| PROBLEM DESCRIPTION |
Print only the lines that begin at the line containing "Hearth & Harbor" and end at the last line of the material, both included, without any change.

| RECORDS SHOWN |
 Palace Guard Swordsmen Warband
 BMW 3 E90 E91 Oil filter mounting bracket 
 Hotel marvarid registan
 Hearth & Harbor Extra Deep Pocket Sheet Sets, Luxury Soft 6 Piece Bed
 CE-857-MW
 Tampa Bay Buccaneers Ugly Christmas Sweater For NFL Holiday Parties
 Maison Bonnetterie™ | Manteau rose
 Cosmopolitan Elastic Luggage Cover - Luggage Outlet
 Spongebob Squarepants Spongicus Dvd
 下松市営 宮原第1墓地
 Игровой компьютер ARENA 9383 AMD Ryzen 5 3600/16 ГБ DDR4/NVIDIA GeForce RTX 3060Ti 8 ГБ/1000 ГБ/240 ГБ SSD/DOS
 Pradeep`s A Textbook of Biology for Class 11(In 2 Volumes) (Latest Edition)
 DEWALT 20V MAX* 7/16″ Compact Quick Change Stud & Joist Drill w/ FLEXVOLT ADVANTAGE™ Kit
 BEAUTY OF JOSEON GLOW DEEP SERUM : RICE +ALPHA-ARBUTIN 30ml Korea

| OUTPUT OF THE EXERCISE |
 Hearth & Harbor Extra Deep Pocket Sheet Sets, Luxury Soft 6 Piece Bed
 CE-857-MW
 Tampa Bay Buccaneers Ugly Christmas Sweater For NFL Holiday Parties
 Maison Bonnetterie™ | Manteau rose
 Cosmopolitan Elastic Luggage Cover - Luggage Outlet
 Spongebob Squarepants Spongicus Dvd
 下松市営 宮原第1墓地
 Игровой компьютер ARENA 9383 AMD Ryzen 5 3600/16 ГБ DDR4/NVIDIA GeForce RTX 3060Ti 8 ГБ/1000 ГБ/240 ГБ SSD/DOS
 Pradeep`s A Textbook of Biology for Class 11(In 2 Volumes) (Latest Edition)
 DEWALT 20V MAX* 7/16″ Compact Quick Change Stud & Joist Drill w/ FLEXVOLT ADVANTAGE™ Kit
 BEAUTY OF JOSEON GLOW DEEP SERUM : RICE +ALPHA-ARBUTIN 30ml Korea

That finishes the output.